Records excerpted from a collection
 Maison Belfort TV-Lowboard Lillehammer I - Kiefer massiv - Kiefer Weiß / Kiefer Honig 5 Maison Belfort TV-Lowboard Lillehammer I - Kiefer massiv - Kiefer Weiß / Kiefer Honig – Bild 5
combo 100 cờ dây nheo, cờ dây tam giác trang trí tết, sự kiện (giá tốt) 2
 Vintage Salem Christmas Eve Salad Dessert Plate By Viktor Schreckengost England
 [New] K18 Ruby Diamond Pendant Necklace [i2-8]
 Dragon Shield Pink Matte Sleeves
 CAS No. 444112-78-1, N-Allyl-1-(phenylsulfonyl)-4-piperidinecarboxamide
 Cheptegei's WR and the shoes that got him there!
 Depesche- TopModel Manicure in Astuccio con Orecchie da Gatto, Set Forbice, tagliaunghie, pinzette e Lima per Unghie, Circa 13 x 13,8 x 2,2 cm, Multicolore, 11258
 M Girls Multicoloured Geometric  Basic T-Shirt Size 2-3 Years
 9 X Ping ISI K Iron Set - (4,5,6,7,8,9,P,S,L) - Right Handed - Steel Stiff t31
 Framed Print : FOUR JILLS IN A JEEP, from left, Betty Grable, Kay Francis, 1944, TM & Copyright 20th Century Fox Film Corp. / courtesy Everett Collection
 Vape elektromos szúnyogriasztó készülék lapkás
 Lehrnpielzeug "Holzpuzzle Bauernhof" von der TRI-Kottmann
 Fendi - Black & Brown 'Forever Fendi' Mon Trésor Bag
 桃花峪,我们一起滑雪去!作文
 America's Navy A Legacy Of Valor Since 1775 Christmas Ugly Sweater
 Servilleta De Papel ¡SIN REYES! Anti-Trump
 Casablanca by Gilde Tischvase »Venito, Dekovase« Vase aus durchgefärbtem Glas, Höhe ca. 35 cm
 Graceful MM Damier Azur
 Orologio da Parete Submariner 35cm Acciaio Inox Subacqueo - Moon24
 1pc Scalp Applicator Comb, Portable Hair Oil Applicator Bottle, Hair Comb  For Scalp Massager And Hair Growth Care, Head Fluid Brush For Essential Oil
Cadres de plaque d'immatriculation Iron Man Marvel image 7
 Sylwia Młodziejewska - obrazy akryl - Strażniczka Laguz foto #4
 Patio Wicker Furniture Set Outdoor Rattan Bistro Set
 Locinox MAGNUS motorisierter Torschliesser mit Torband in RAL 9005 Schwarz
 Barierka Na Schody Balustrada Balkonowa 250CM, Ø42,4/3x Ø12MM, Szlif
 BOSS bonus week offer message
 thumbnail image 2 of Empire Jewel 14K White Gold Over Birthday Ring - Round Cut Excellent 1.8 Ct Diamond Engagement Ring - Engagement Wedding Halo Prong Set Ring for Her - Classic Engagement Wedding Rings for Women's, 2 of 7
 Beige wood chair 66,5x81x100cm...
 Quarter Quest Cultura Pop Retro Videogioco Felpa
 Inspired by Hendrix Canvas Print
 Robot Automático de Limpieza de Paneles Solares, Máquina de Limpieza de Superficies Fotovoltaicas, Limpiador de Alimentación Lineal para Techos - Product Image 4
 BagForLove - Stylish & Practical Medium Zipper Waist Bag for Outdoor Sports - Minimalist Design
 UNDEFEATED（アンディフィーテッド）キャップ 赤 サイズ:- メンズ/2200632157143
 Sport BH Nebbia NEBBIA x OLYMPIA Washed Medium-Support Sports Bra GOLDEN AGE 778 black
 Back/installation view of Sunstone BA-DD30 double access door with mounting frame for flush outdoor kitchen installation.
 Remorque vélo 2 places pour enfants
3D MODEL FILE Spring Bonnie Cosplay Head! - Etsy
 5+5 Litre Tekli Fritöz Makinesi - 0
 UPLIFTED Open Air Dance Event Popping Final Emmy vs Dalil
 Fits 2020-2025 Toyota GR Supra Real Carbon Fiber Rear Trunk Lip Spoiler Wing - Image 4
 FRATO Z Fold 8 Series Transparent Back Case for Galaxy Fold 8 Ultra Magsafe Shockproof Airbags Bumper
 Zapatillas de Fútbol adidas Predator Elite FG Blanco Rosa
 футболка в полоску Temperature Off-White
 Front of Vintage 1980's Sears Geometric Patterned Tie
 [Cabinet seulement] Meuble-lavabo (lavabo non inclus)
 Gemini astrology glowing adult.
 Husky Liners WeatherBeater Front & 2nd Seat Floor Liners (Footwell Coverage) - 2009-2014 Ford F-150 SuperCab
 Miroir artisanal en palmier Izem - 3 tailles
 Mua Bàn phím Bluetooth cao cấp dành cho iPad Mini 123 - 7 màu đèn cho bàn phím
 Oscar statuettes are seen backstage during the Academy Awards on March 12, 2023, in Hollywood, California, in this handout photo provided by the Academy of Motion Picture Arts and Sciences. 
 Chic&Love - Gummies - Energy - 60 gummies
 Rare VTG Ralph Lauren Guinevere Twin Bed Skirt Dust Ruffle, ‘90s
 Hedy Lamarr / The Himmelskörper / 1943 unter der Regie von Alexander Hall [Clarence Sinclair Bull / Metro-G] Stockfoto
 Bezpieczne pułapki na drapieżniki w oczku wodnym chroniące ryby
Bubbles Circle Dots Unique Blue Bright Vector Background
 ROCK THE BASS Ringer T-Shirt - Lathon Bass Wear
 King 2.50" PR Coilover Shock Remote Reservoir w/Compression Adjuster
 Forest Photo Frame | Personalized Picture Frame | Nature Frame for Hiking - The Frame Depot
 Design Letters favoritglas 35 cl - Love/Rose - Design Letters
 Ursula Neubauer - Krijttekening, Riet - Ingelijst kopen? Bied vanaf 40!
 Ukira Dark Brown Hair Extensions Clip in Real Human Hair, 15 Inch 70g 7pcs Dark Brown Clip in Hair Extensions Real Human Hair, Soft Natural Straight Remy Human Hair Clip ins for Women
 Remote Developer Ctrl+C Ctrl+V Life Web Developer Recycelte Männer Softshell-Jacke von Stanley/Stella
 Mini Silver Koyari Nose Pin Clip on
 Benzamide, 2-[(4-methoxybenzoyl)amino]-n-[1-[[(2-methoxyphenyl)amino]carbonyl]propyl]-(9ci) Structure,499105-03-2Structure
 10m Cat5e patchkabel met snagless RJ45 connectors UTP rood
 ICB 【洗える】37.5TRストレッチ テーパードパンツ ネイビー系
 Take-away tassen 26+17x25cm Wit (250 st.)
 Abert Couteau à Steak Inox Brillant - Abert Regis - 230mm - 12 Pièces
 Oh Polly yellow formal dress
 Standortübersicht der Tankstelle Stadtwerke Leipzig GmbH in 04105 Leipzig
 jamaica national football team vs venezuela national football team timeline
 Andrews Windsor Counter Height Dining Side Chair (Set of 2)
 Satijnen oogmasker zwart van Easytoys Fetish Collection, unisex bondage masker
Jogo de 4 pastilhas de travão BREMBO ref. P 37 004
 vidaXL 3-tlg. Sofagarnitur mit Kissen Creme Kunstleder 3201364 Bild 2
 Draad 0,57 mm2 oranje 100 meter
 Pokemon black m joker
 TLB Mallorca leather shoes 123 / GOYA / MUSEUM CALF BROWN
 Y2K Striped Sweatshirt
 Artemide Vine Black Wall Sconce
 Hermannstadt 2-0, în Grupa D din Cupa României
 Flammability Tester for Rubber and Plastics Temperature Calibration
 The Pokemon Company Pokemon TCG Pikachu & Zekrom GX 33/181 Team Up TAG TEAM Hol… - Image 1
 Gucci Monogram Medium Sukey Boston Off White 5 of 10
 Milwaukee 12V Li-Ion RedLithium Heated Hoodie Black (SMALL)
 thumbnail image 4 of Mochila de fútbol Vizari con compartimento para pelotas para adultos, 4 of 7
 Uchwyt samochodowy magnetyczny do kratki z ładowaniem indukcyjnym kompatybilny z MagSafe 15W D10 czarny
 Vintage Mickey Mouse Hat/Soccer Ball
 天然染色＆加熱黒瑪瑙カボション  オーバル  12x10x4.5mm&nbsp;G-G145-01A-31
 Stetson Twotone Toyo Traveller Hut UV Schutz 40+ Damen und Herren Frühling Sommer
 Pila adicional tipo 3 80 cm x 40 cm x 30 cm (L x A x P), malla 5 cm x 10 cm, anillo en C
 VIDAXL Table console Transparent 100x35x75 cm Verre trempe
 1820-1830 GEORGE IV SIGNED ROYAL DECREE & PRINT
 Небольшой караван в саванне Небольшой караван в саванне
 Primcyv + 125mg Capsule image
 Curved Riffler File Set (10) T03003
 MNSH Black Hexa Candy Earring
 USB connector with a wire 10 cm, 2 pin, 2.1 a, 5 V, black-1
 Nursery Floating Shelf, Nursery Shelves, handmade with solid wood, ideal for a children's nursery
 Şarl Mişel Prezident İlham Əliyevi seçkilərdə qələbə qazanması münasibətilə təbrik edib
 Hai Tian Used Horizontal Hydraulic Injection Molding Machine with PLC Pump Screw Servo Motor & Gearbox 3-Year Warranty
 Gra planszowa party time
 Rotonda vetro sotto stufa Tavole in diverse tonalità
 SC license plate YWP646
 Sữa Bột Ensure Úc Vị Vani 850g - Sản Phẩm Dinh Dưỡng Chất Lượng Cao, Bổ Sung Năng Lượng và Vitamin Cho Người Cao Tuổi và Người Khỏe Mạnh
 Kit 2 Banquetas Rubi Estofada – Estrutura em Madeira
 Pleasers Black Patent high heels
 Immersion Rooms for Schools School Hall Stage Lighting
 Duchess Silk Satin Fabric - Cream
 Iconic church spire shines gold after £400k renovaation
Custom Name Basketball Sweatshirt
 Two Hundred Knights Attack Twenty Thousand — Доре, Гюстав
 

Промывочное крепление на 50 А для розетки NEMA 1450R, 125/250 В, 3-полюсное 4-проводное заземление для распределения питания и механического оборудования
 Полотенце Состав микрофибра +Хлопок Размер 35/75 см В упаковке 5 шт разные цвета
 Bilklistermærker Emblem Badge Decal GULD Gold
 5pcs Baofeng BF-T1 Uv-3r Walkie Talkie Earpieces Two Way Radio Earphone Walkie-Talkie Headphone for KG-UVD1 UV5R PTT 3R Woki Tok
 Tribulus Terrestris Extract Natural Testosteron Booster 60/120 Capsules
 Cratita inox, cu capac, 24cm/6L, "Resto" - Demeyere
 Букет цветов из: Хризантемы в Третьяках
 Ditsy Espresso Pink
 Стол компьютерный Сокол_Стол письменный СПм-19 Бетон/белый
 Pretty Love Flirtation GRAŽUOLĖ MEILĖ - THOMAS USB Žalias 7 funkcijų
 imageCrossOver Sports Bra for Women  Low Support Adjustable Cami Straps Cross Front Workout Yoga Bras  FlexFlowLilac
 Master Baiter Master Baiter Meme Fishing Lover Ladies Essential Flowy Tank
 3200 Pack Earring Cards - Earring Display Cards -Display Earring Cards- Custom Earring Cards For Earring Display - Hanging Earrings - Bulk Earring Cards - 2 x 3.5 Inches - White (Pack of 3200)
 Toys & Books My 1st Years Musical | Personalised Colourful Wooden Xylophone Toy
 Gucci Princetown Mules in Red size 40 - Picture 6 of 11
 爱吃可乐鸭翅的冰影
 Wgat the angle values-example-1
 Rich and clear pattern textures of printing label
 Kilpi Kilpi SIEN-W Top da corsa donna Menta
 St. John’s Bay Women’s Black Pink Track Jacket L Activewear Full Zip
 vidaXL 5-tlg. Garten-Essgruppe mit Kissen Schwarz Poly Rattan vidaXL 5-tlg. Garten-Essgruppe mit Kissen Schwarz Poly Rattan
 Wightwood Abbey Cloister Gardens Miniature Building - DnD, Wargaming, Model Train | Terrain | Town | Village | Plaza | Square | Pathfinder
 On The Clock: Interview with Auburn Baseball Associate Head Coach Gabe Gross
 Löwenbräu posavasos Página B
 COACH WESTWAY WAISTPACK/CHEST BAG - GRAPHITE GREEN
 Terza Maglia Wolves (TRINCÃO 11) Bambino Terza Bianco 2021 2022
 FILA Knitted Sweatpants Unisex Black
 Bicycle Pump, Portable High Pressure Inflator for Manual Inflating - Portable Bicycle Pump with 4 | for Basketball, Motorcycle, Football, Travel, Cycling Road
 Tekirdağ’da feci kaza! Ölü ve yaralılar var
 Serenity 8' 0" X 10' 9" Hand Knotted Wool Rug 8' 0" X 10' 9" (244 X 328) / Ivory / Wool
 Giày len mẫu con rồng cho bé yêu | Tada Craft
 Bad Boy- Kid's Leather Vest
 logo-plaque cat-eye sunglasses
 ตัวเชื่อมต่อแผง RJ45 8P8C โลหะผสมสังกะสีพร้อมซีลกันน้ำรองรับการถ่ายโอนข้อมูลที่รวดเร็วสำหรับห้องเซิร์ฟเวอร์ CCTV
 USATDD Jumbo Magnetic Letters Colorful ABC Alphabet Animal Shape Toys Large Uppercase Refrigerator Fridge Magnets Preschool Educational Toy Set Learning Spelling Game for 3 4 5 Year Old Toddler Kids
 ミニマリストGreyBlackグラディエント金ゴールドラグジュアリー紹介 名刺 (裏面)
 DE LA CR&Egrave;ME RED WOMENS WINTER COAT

■ GOAL OF THE EXERCISE: Copy out every line of the data in which the word "Pink" is found.

■ REPLY TO THE EXERCISE:
 Dragon Shield Pink Matte Sleeves
 Ditsy Espresso Pink
 St. John’s Bay Women’s Black Pink Track Jacket L Activewear Full Zip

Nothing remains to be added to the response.